> **Provided material**:

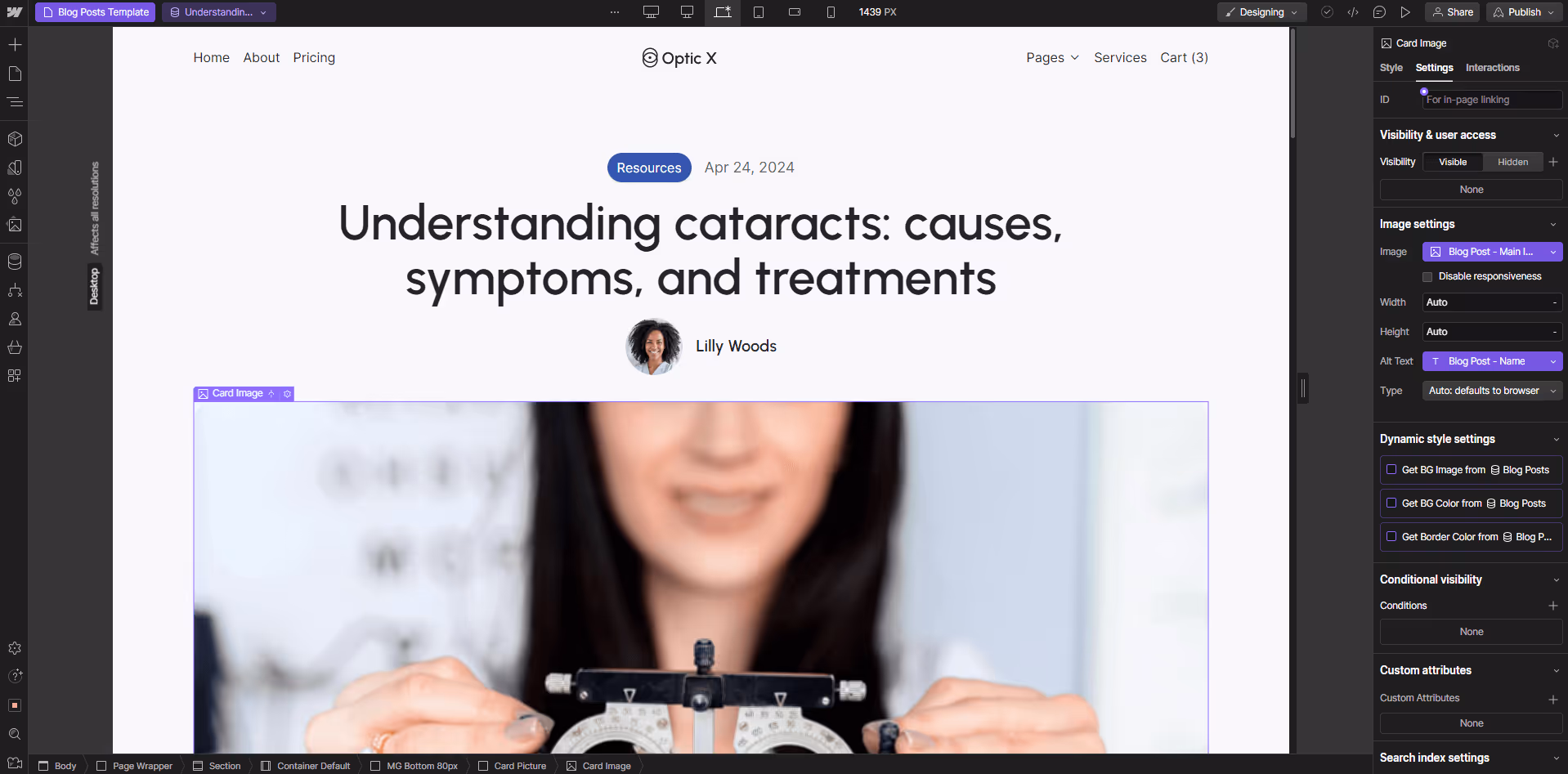 Optic X Webflow Template And UI Kit CMS Page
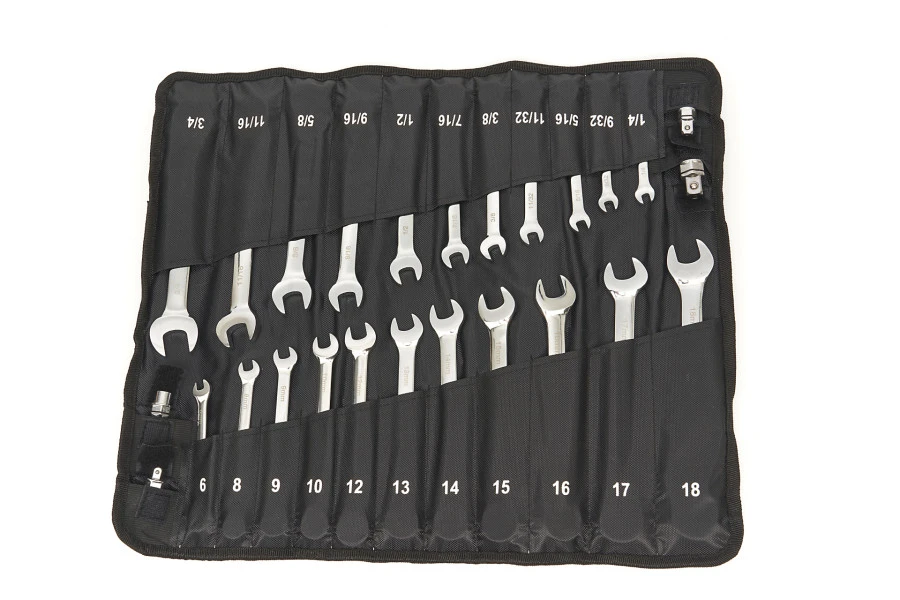 HBM Professionele Ring, Ratel, Steeksleutelset Metrische En Inch Maten 23-Delig - Image 3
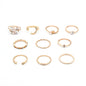 Star Moon Love Pearl Leaf 10-Piece Ring Set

> **Task brief**: Once the pictures are set aside, please reproduce the remaining material word for word.

> **Exercise solution**:
 Optic X Webflow Template And UI Kit CMS Page
 HBM Professionele Ring, Ratel, Steeksleutelset Metrische En Inch Maten 23-Delig - Image 3
 Star Moon Love Pearl Leaf 10-Piece Ring Set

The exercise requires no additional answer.